Twelve senior intelligence officials issued a statement late yesterday butt-hurting (I just made that verb up) about Trump's decision to yank the security clearance from MSNBC star and Twitter celebrity John Brennan.These twelve fools better be careful. I once had security clearances, and I know that intelligence is disseminated on a need-to-know basis. Brennan is a former official, and has no need to know. I'm surprised that his clearance wasn't revoked the minute he left a position with a need to know.
“The president’s action regarding John Brennan and the threats of similar action against other former officials has nothing to do with who should and should not hold security clearances — and everything to do with an attempt to stifle free speech,” the statement reads.These fools are are amazing. If a person has a TS clearance, they specifically CAN NOT talk about it. Free speech is immediately curtailed with a clearance. If I were their bosses, I"d yank their clearances too, for being to stupid to hold sensitive information.
Free speech, my aching ass.
3 comments:
I heard a couple of radio guys (generally right-of-center politically) discussing this, and they both felt that this was bad - because it limited the employability of former government officials once they leave government. And I was shaking my head in disbelief.
As you note, access to secure data is - or should be - given only on a need to know basis. Unless you're working on something official that requires you to have access, you shouldn't have the clearance. And that when you leave the position that required the clearance you should automatically have it revoked.
It's not an entitlement. The real scandal isn't that the President revoked Brennan's clearance. It's that, for the last few administrations, former officials were allowed to retain their clearance once they left the positions that required it. And that non-government jobs existed that rewarded them for access they should no longer have.

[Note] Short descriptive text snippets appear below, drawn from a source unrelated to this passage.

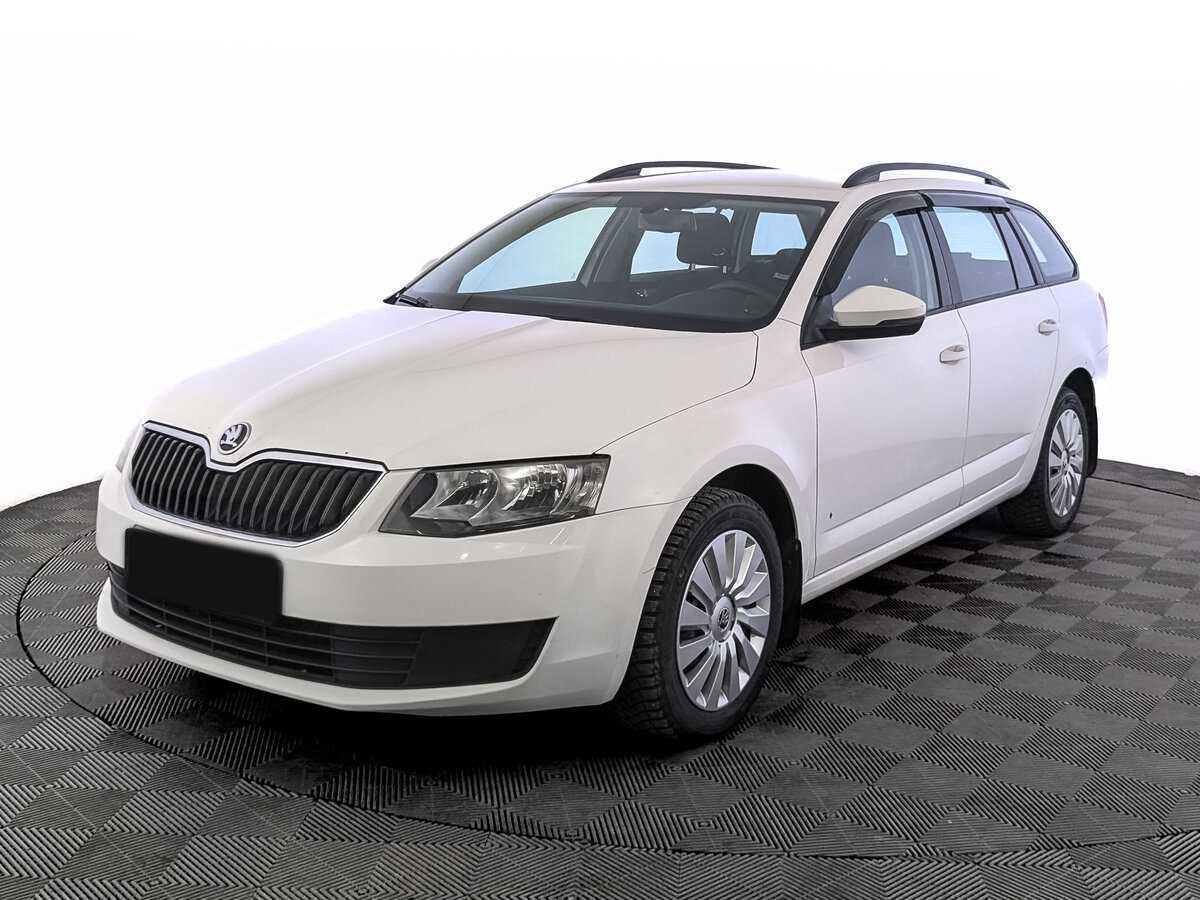 Купить Skoda Octavia с пробегом. Посмотреть фото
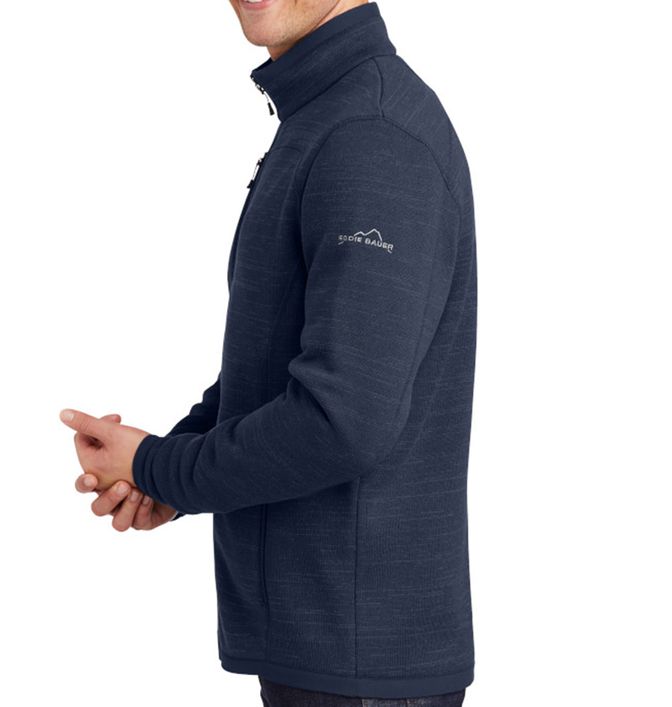 Eddie bauer sweater fleece best sale full zip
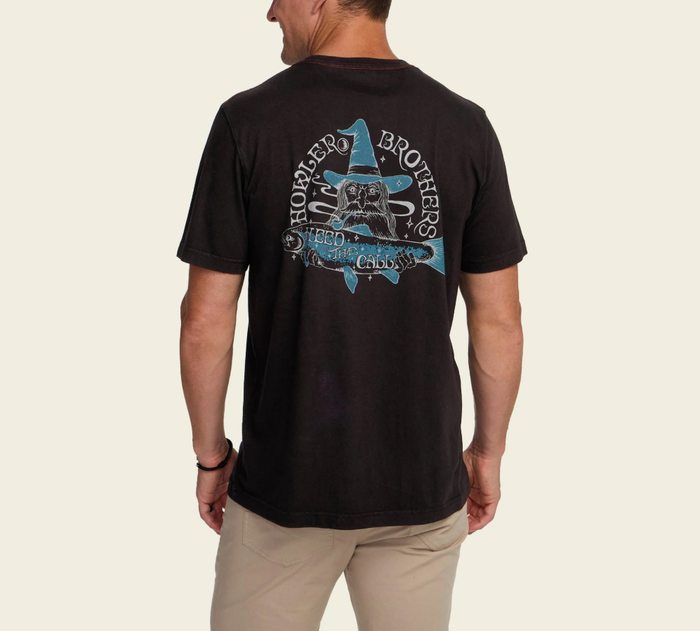 Howler Brothers - River Wizard Cotton T-Shirt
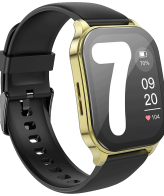 hoco. Pametni sat, 1.96", AMOLED zaslon, Bluetooth, IP68 - Y19 Gold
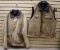 Kakadu Canvas Vest and Coat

At One of my duty Station's I had a Top Secret Background Investigation Clearance and when I left that duty station. The clearance went down to a Secret Clearance. Why do these IDIOTS get to keep their clearances until they DIE that is BS. Once they leave the government job for a different one particularly in the private sector that security clearance should be taken away and NOT Re-issued until the individual re-enters public service.
For normal people, having a security clearance is based on trustworthiness, and need-to-know to do one's job. Once one leaves the position, one is debriefed and no longer has the clearance, as many people have noted.

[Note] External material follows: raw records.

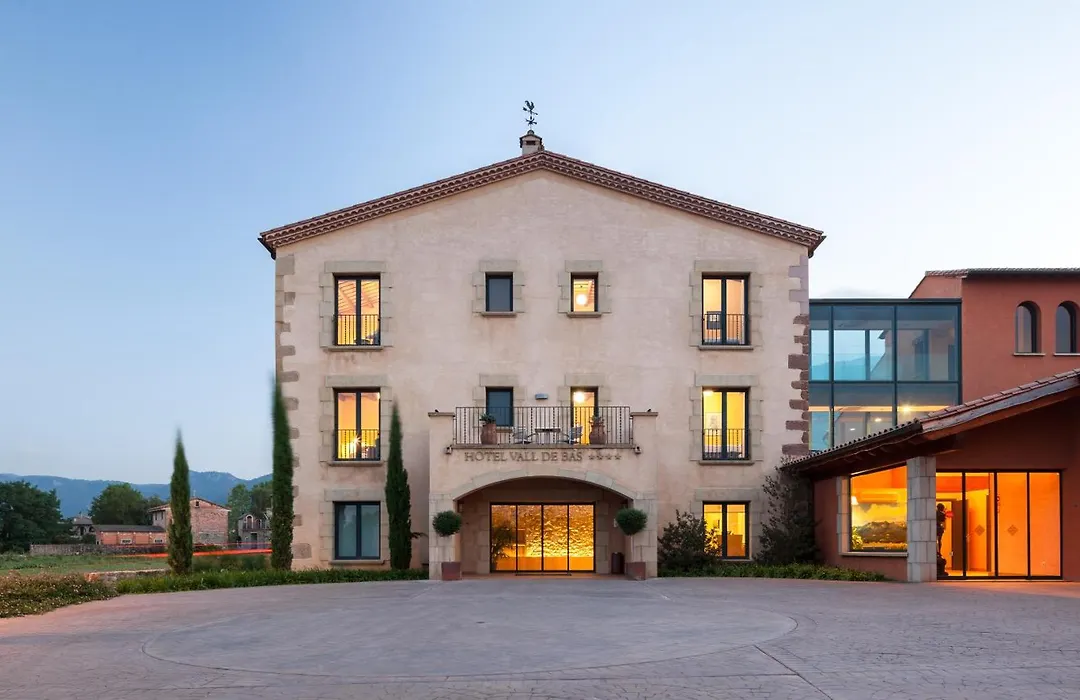 Hotel Vall De Bas-1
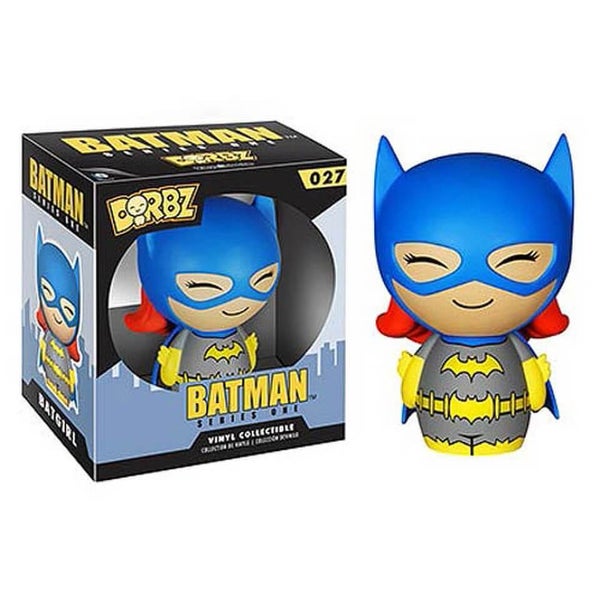 DC Comics Batman Batgirl Series 1 Dorbz Vinyl Figure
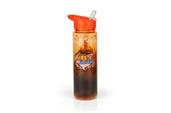Naruto Shippuden Hokage Heroes Large Plastic Water Bottle | Holds 26 Ounces
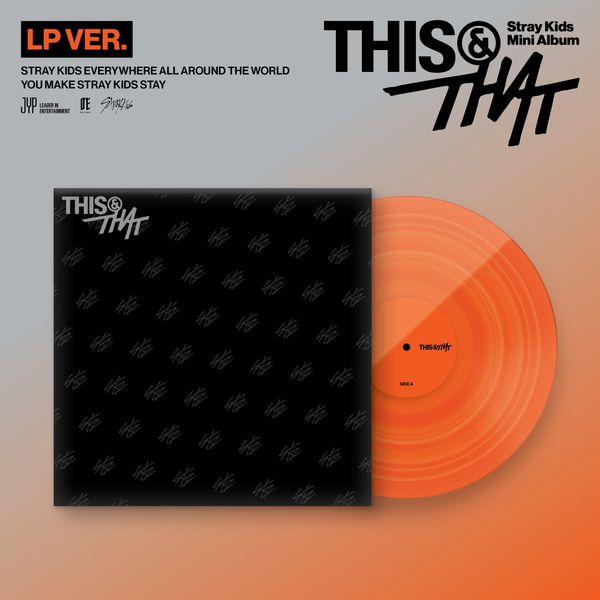 kpop_shop_online_Stray Kids - This & That (LP Ver.) LIMITED-8809954226540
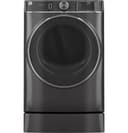 7.8 cu. ft. Capacity Smart Front Load Electric Dryer with Steam and Sanitize Cycle view 5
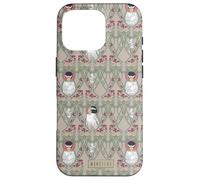 Universal Monsters Bride Floral Horror Case for iPhone 16 Pro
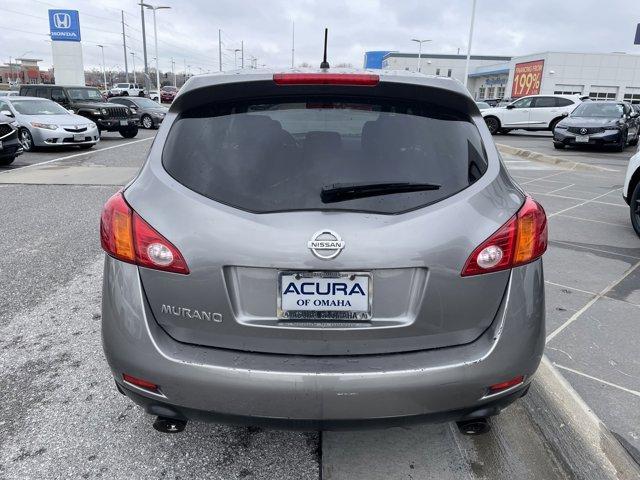 used 2010 Nissan Murano car, priced at $6,975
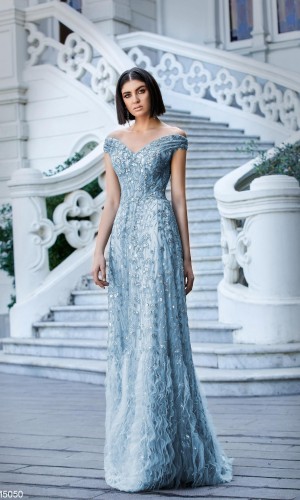 فستان إليكترا | Electra (أزرق)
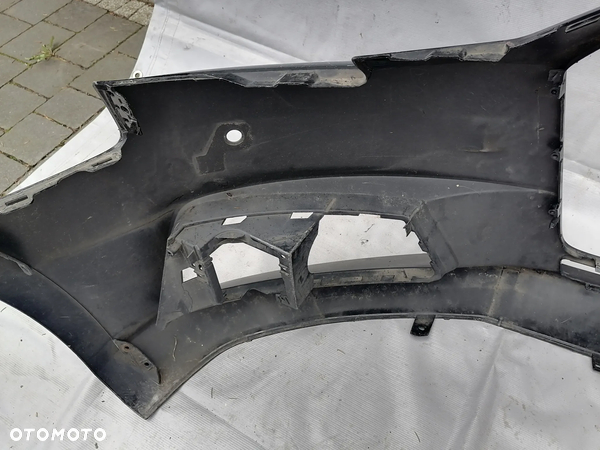 Zderzak przód Audi A4 B9 8W0807437 - 9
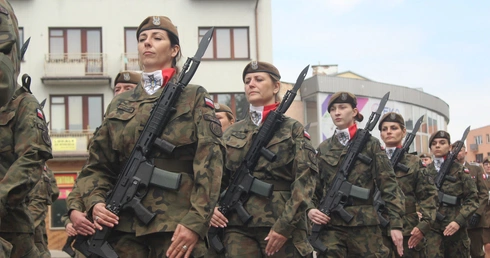 Ciechanów. Obchody Święta Konstytucji Trzeciego Maja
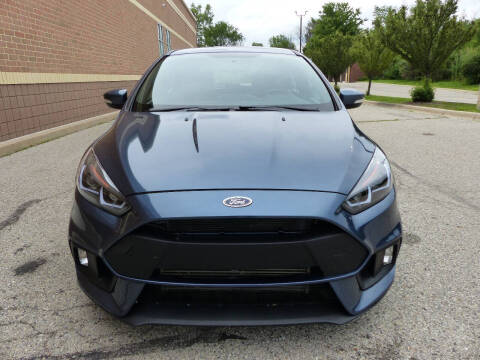 2018 Ford Focus ST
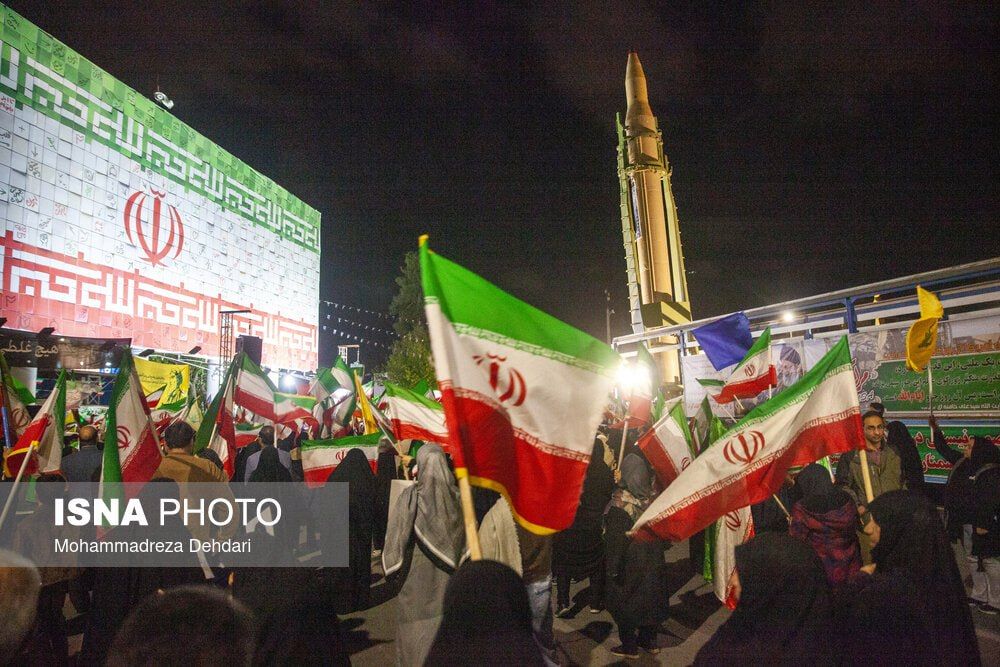 رسانه سپاه: اسراییل پاسخ دهد، نوبت بعدی شلیک‌ها پرحجم‌تر خواهد بود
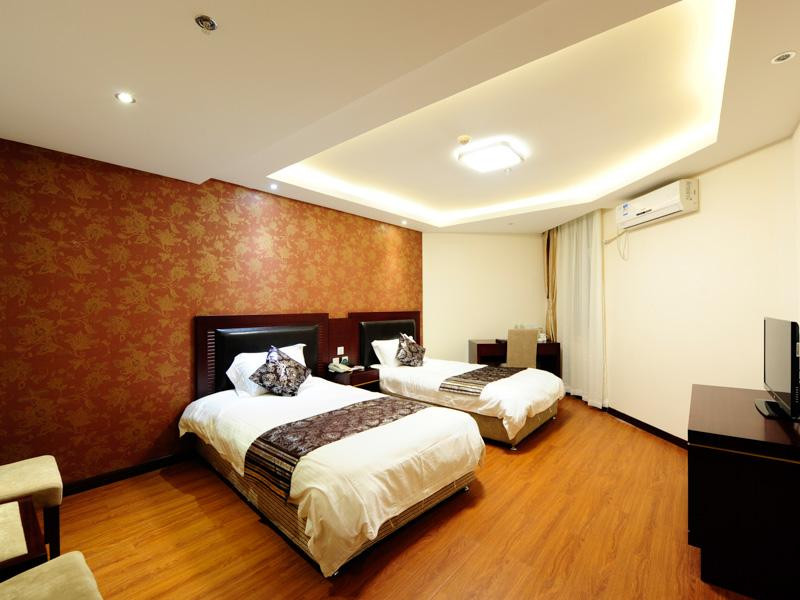 格林豪泰天津北宁公园商务酒店主图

However, for the inside the beltway crowd, a security clearance is a Lodge Pin saying that that person has been inducted into the fellowship, and is an insider to be trusted with the lodge (beltway) secrets. Also, being a lodge member allows coordination of policy, without outside interference.

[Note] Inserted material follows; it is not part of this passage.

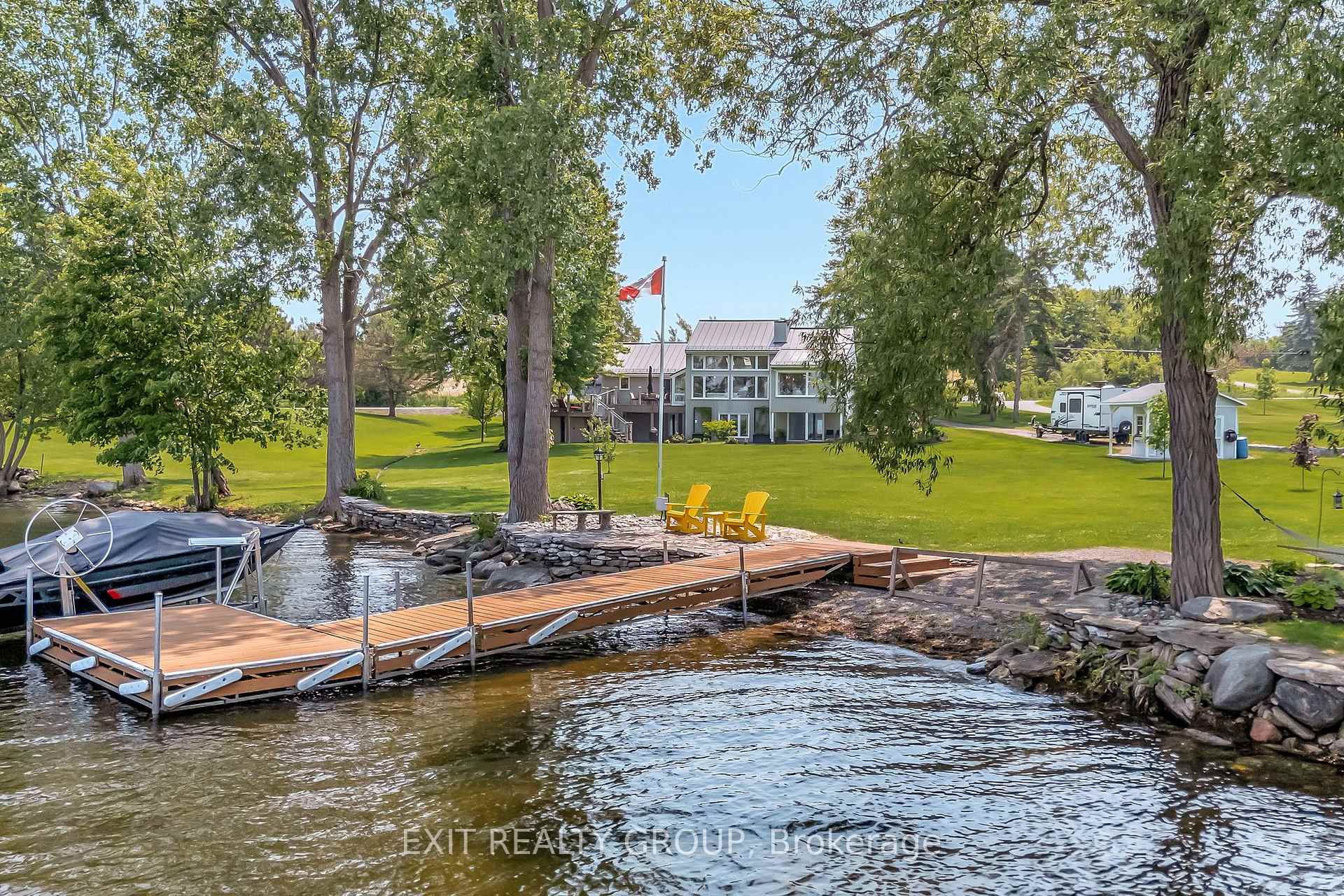 Photo 1 of 652 County Rd 3, Prince Edward County, Ameliasburg Ward — HOMEH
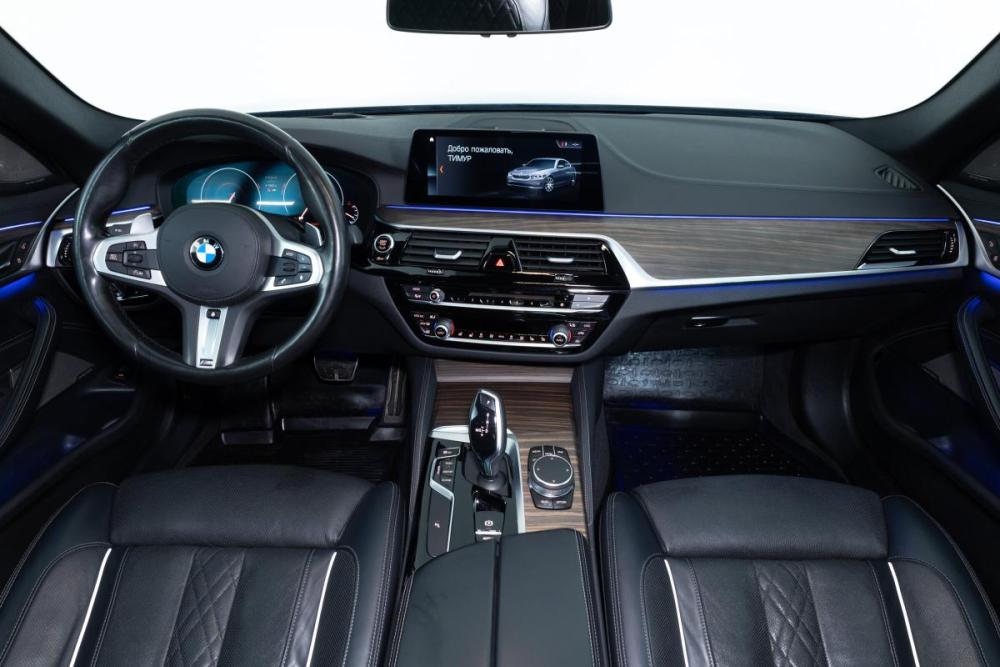 BMW 5 серии VII (G30/G31/G38) Казань  - изображение 10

Having his security clearance revoked offends on two levels. One - an outsider took it away, and "that's just not done." Only the lodge should be able to excommunicate a lodge member. And two - if it can be done to one member, it can be done to others, and all of the sudden, lodge membership doesn't have the power and exclusiveness it previously had.
Personally, this is what President Trump was sent to Washington to do. "To drain the swamp", and revoking security clearances for people who have no job requirement to have them, should have been completed long ago.